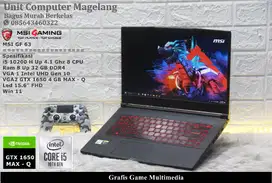 MSI GF 63 I i5 10200H 4.1 Ghz 8 CPU I 8 Up 32 GB I SSD 512 GB I GTX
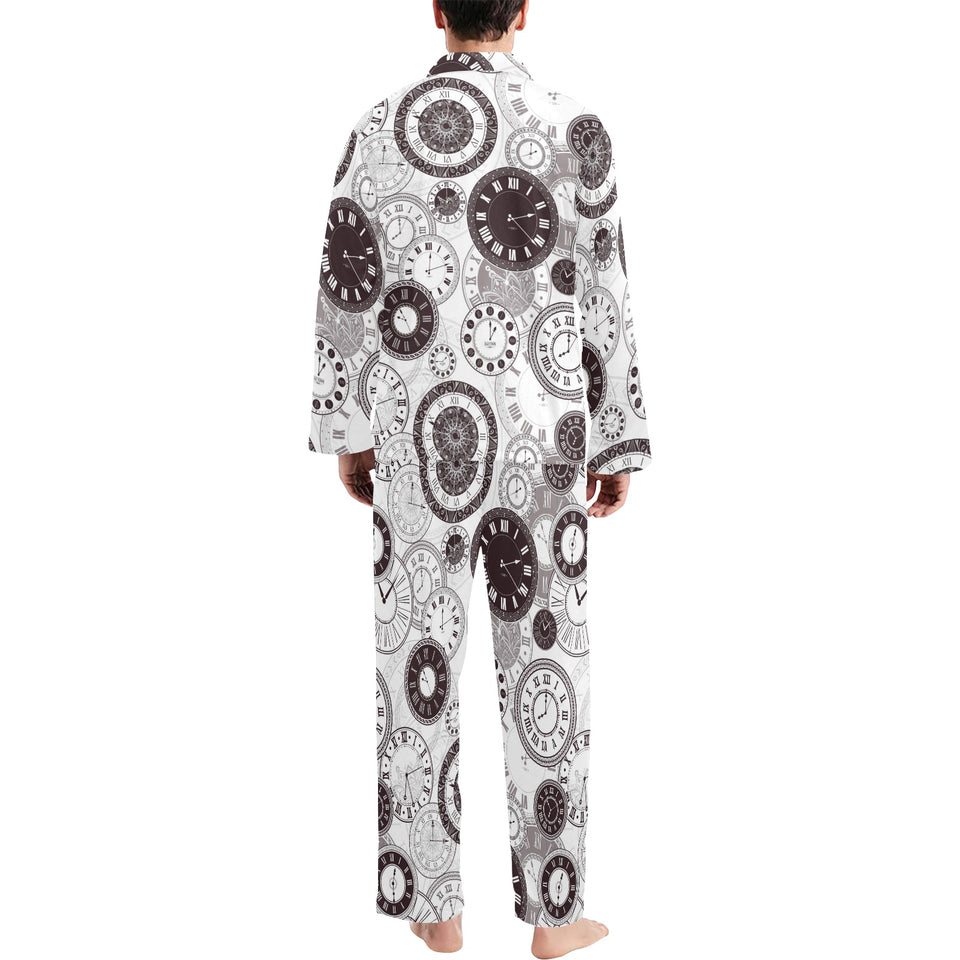 Classic vintage clock pattern Men's Long Pajama Set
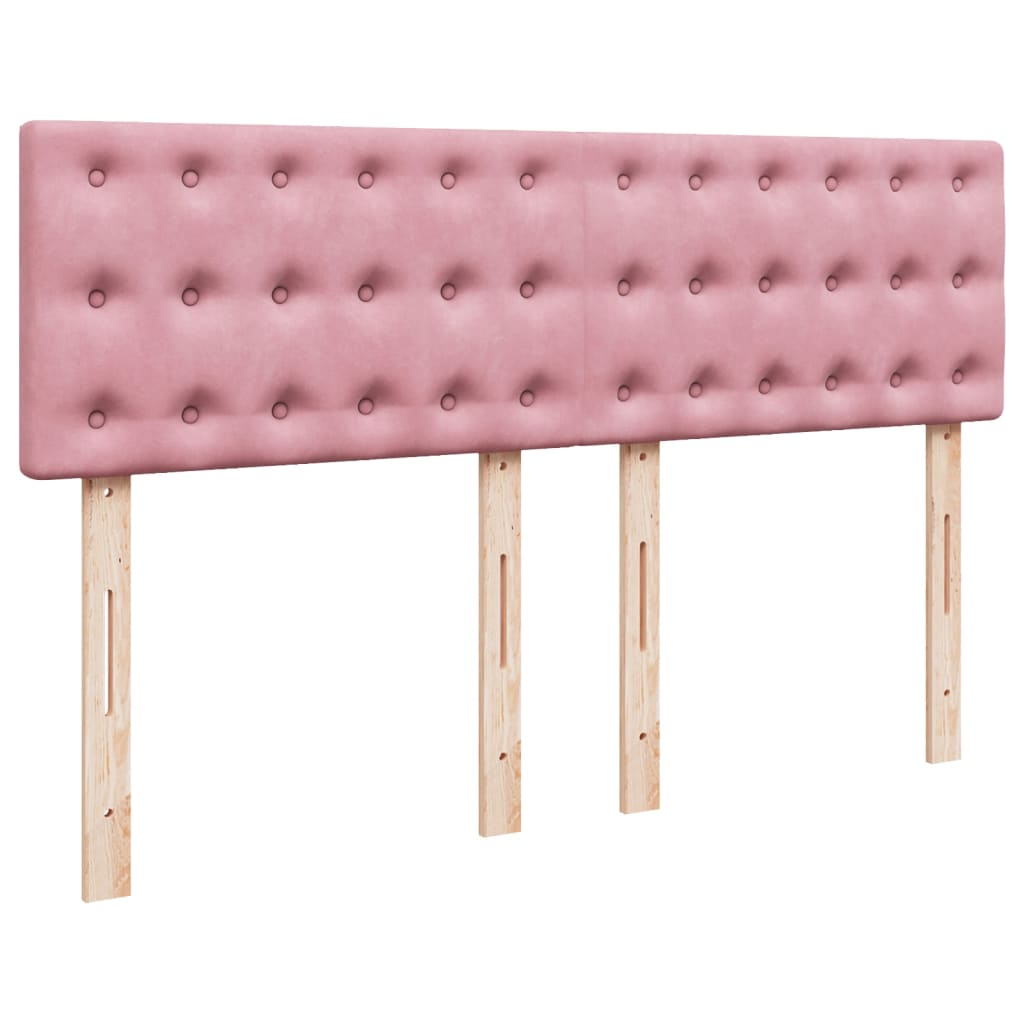 vidaXL Κρεβάτι Boxspring με Στρώμα Ροζ 140x200 εκ. Βελούδινο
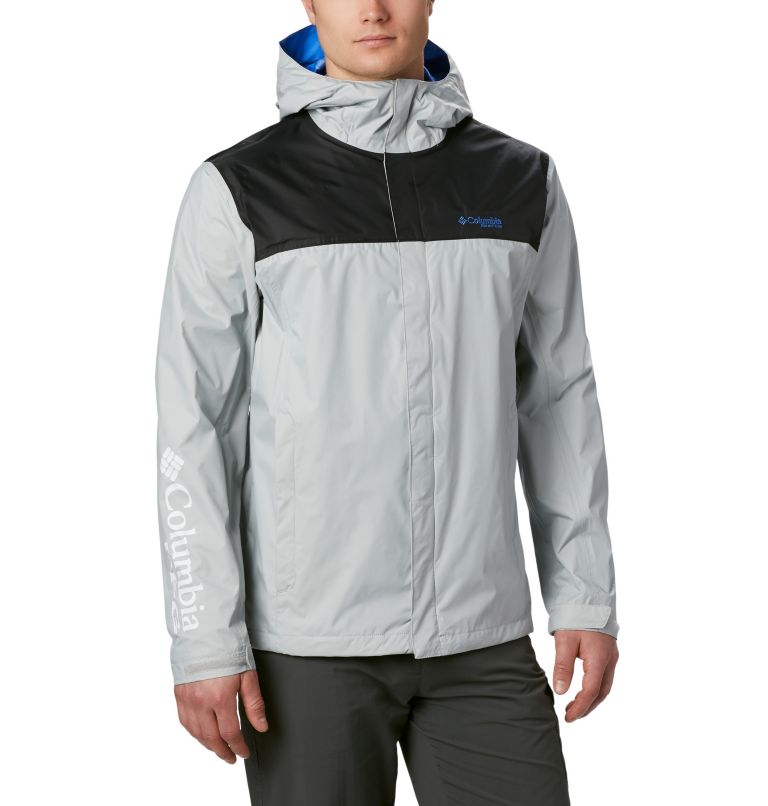 PFG Storm Jacket | 019 | 5XT, Color: Cool Grey, Vivid Blue, image 1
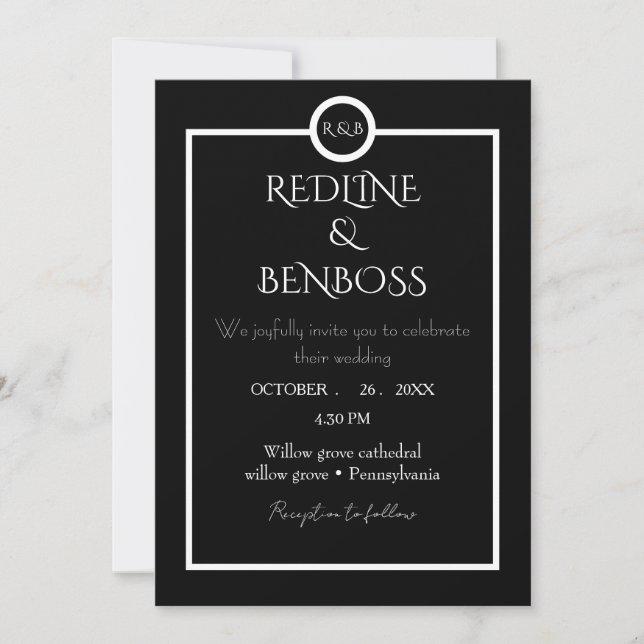 Invitación Elegant Minimalist  Black & White Wedding  Invitat (Anverso)
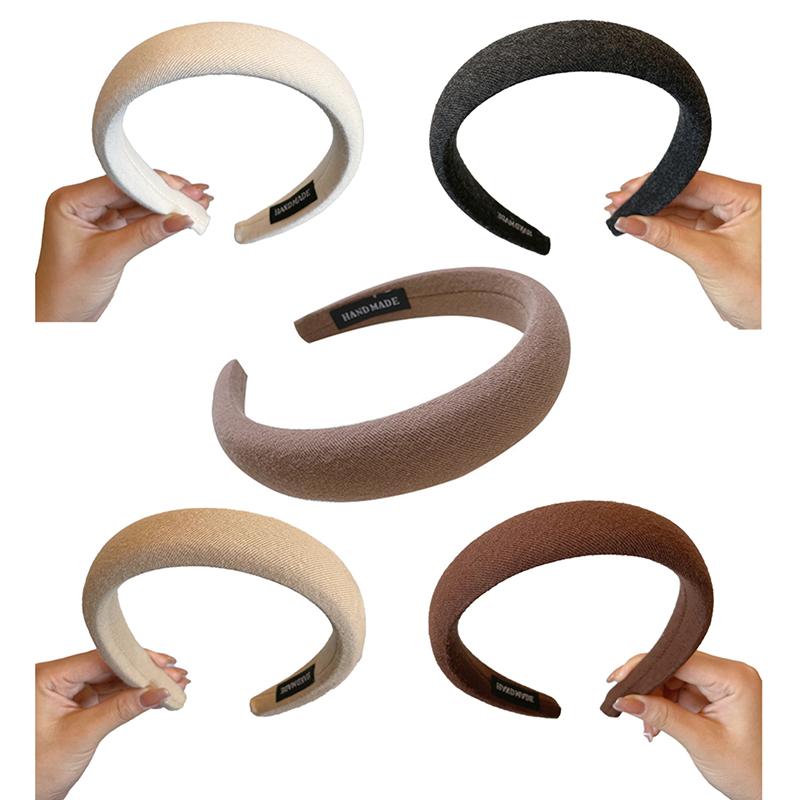 

Hair Clips & Barrettes Solid Color PU Sponge Headbands Women Hairband Hoop Girl Fashion Simple Bands Accessories, Golden;silver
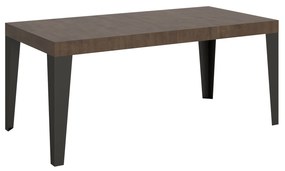 Tavolo allungabile Flame con telaio e gambe antracite, Noce / 90x200/304 cm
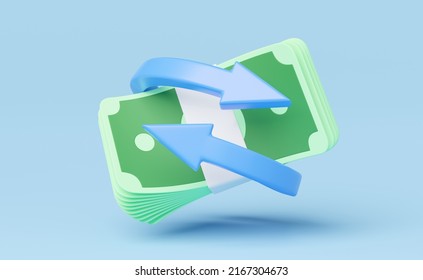 3d Arrow Circle Icon, Bundles Cash Money Floating On Blue Background. Mobile Banking, Online Payment Service. Cashback And Refund. Transfer Banknote Arrows Currency Exchange. Saving Dollar. 3d Render.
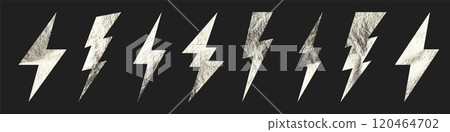 Silver lightning bolt icons collection. Gold foil texture. Flash symbol, thunderbolt. Simple lightning strike sign. Vector illustration Silver lightning bolt icons collection. Gold foil texture. Flash symbol, thunderbolt. Simple lightning strike sign. Vector illustration 120464702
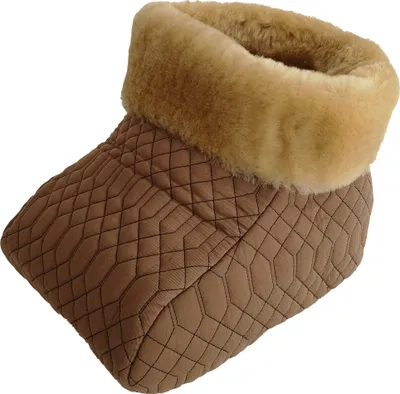 Produktbild von Fußsack Fußwärmer Steppstoff Camel Lammfell Camel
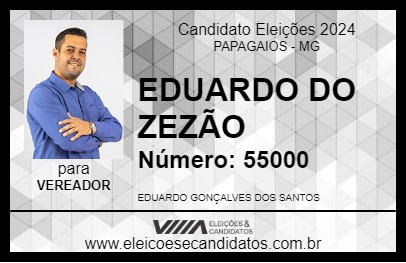 Candidato EDUARDO DO ZEZÃO 2024 - PAPAGAIOS - Eleições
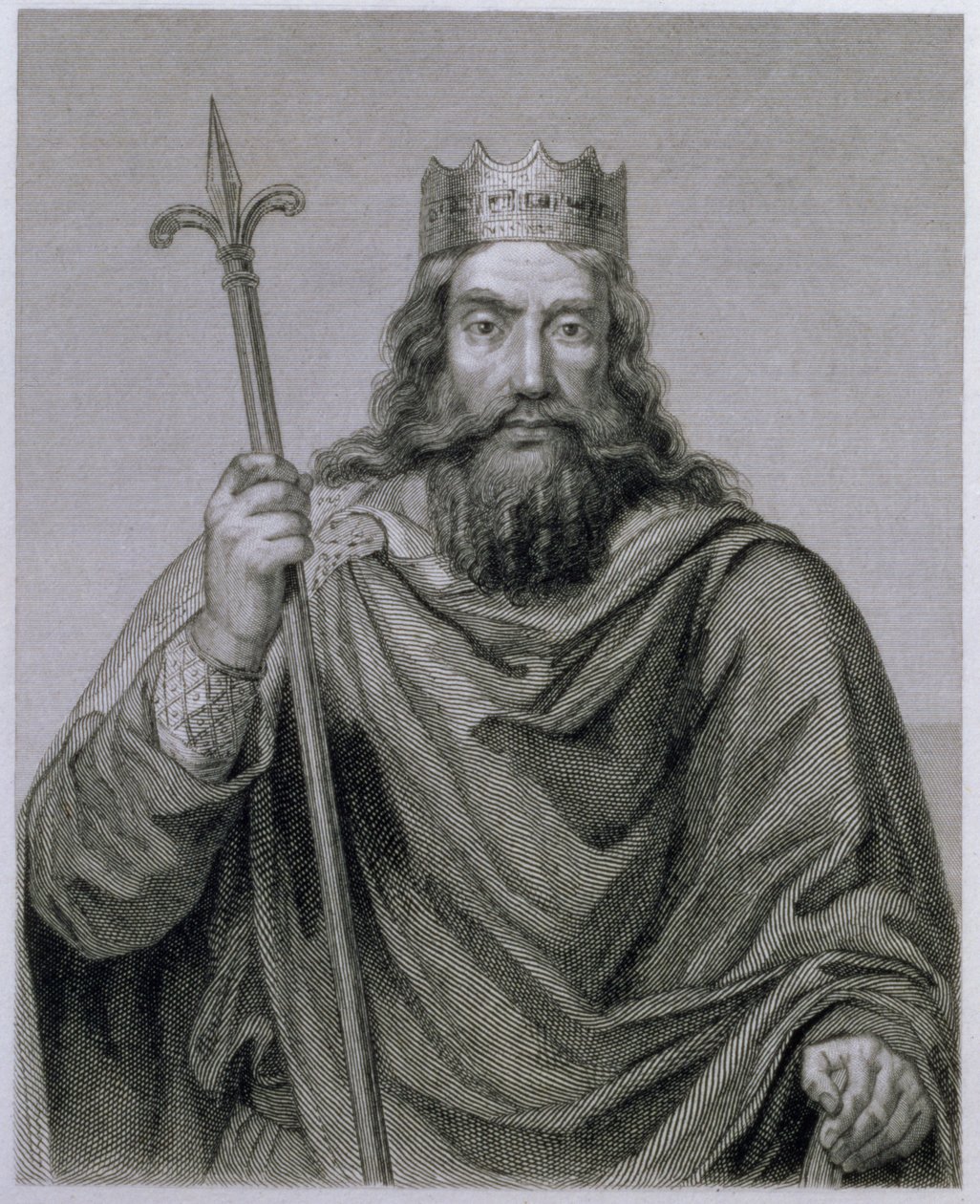 Clovis I (465-511) Merovingian Ruler of the Franks, Engraved by G. Lewy by Francois Louis Dejuinne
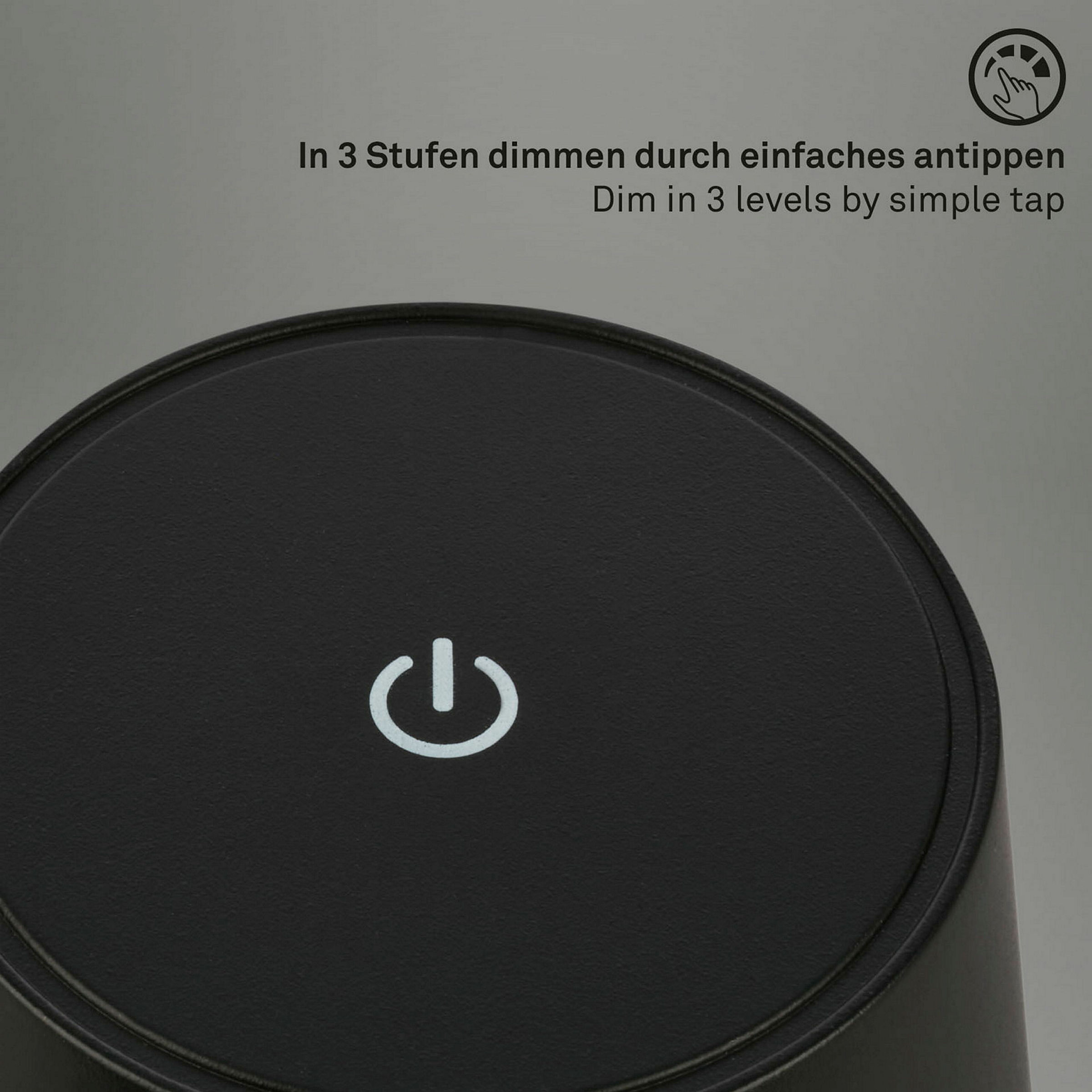 Akku LED Tischleuchte, Schwarz, 1xLED-Modul/2,6W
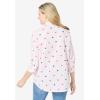 Woman Within Plus Size Perfect Three Quarter Sleeve Shirt(Heart Stripe Multi)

Task to carry out:
Print the material exactly as given, but not the pictures.

Response to this exercise:
 MSI GF 63 I i5 10200H 4.1 Ghz 8 CPU I 8 Up 32 GB I SSD 512 GB I GTX
 Classic vintage clock pattern Men's Long Pajama Set
 vidaXL Κρεβάτι Boxspring με Στρώμα Ροζ 140x200 εκ. Βελούδινο
 PFG Storm Jacket | 019 | 5XT, Color: Cool Grey, Vivid Blue, image 1
 Invitación Elegant Minimalist  Black & White Wedding  Invitat (Anverso)

Hair Clips & Barrettes Solid Color PU Sponge Headbands Women Hairband Hoop Girl Fashion Simple Bands Accessories, Golden;silver
 Tavolo allungabile Flame con telaio e gambe antracite, Noce / 90x200/304 cm
 3d Arrow Circle Icon, Bundles Cash Money Floating On Blue Background. Mobile Banking, Online Payment Service. Cashback And Refund. Transfer Banknote Arrows Currency Exchange. Saving Dollar. 3d Render.
 Silver lightning bolt icons collection. Gold foil texture. Flash symbol, thunderbolt. Simple lightning strike sign. Vector illustration Silver lightning bolt icons collection. Gold foil texture. Flash symbol, thunderbolt. Simple lightning strike sign. Vector illustration 120464702
 Produktbild von Fußsack Fußwärmer Steppstoff Camel Lammfell Camel
 Candidato EDUARDO DO ZEZÃO 2024 - PAPAGAIOS - Eleições
 Clovis I (465-511) Merovingian Ruler of the Franks, Engraved by G. Lewy by Francois Louis Dejuinne
 Akku LED Tischleuchte, Schwarz, 1xLED-Modul/2,6W
 Woman Within Plus Size Perfect Three Quarter Sleeve Shirt(Heart Stripe Multi)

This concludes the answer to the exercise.